■ **Task description**
A word-for-word copy of the following listing is needed. Leave out its images.

■ **Provided information**
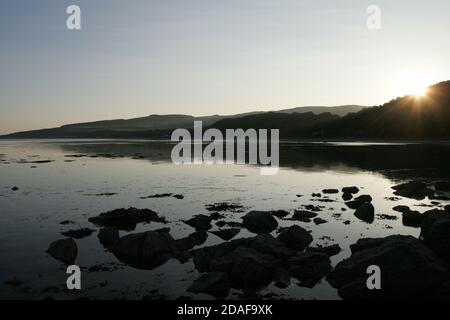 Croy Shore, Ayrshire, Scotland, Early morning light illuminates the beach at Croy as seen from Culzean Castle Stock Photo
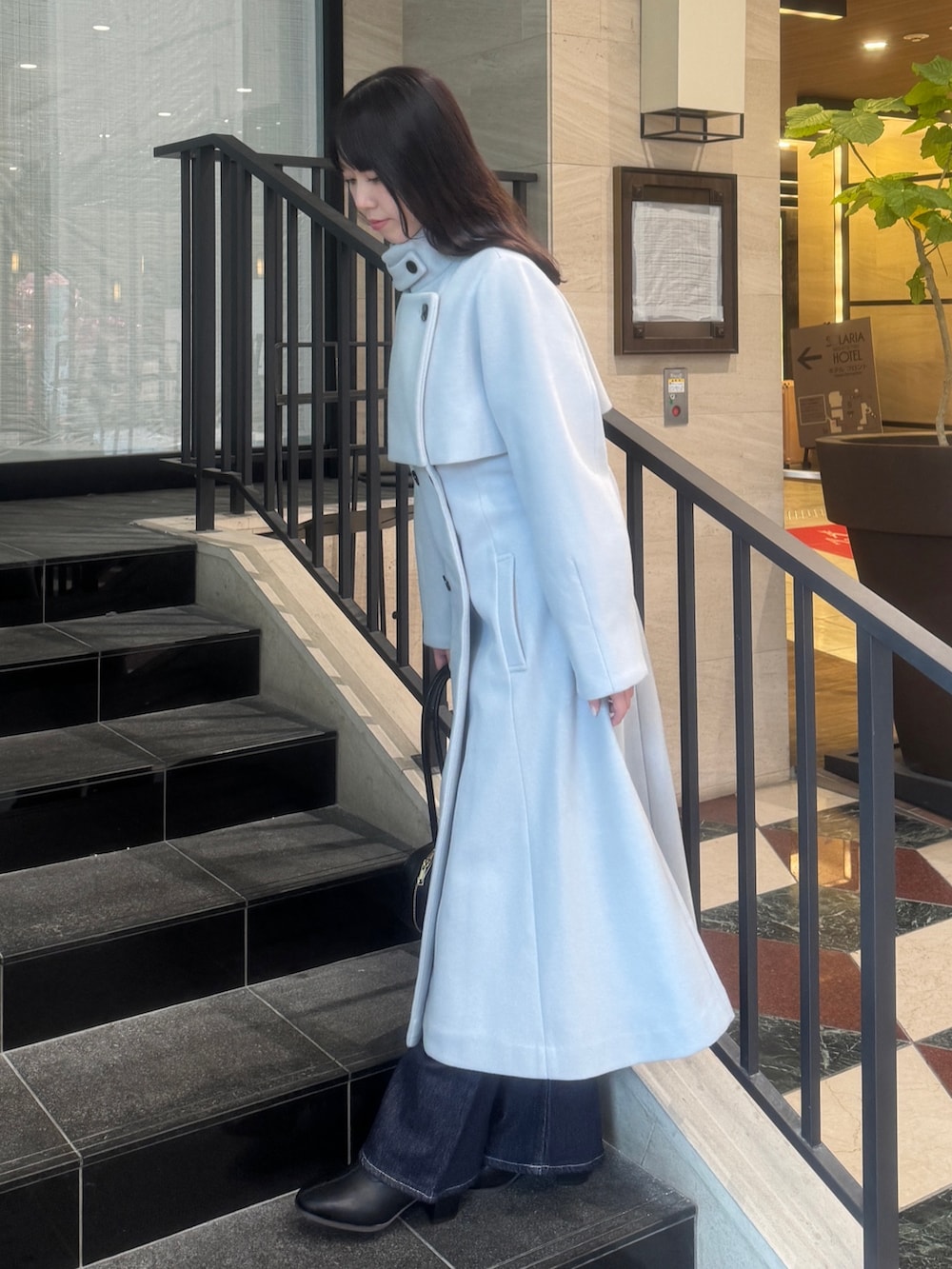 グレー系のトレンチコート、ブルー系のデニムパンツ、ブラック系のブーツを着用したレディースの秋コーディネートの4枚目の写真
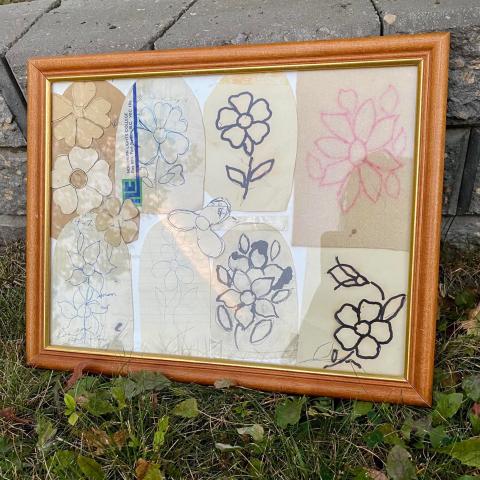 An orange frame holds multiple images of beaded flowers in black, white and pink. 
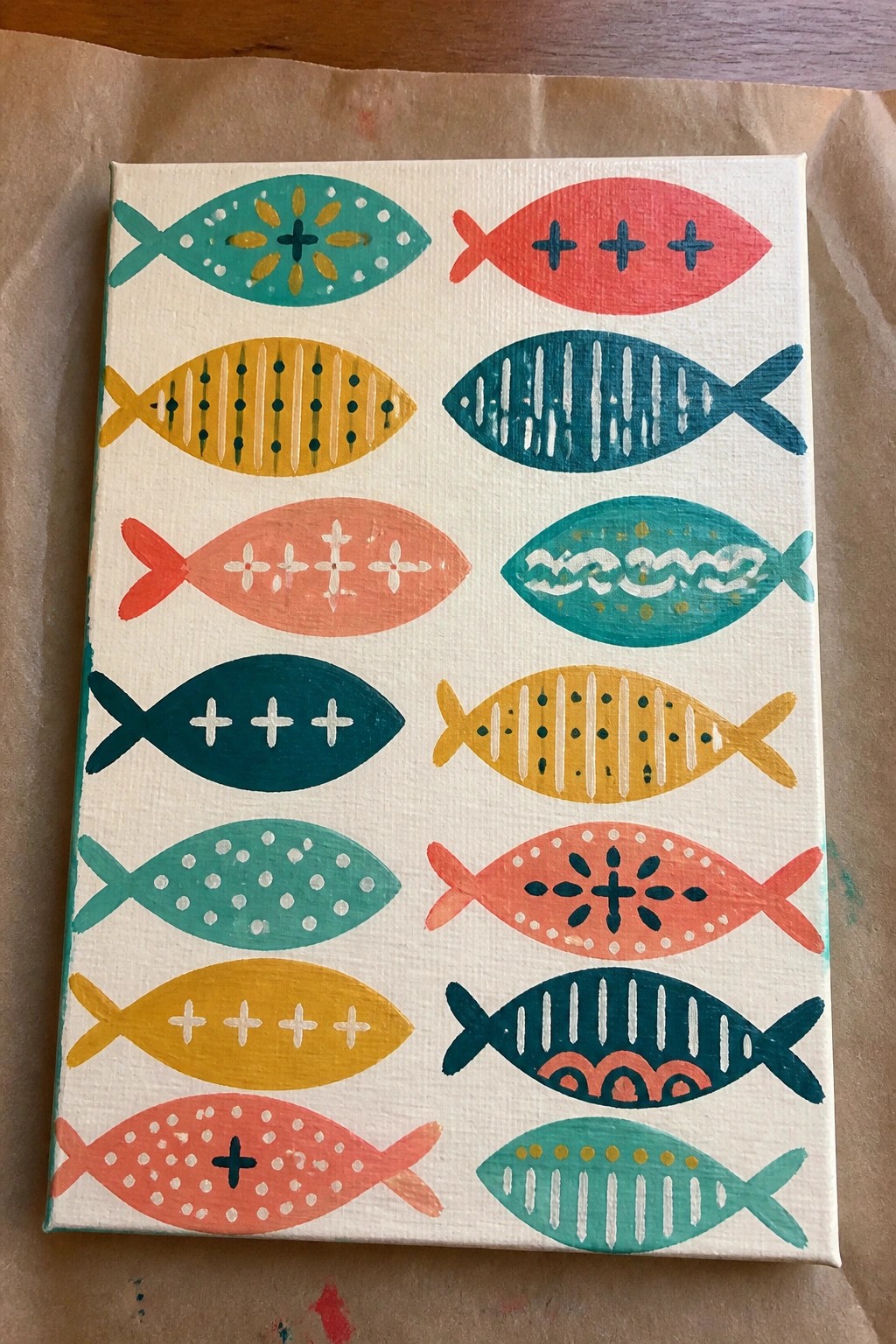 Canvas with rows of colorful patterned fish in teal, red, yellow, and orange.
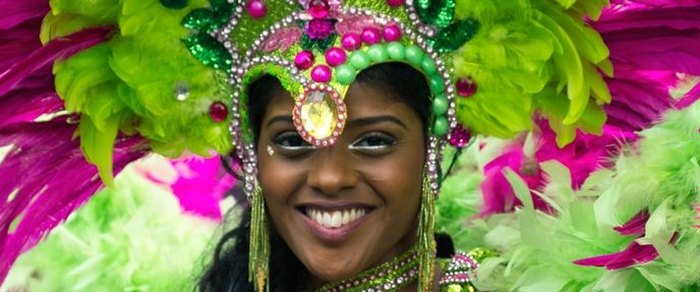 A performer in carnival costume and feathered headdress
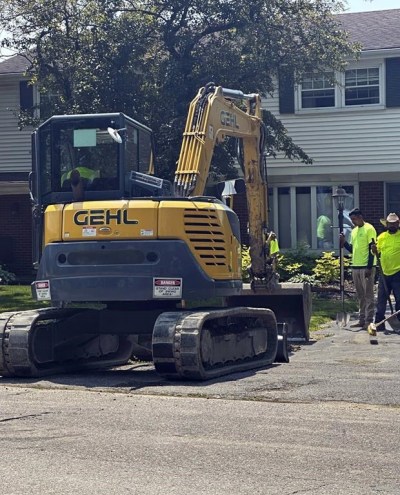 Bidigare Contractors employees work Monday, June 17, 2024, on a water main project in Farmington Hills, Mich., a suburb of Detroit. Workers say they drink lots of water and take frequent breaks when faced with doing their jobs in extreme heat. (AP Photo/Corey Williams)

■ **Task response**
 Croy Shore, Ayrshire, Scotland, Early morning light illuminates the beach at Croy as seen from Culzean Castle Stock Photo
 グレー系のトレンチコート、ブルー系のデニムパンツ、ブラック系のブーツを着用したレディースの秋コーディネートの4枚目の写真
 An orange frame holds multiple images of beaded flowers in black, white and pink. 
 Canvas with rows of colorful patterned fish in teal, red, yellow, and orange.
 A performer in carnival costume and feathered headdress
 Bidigare Contractors employees work Monday, June 17, 2024, on a water main project in Farmington Hills, Mich., a suburb of Detroit. Workers say they drink lots of water and take frequent breaks when faced with doing their jobs in extreme heat. (AP Photo/Corey Williams)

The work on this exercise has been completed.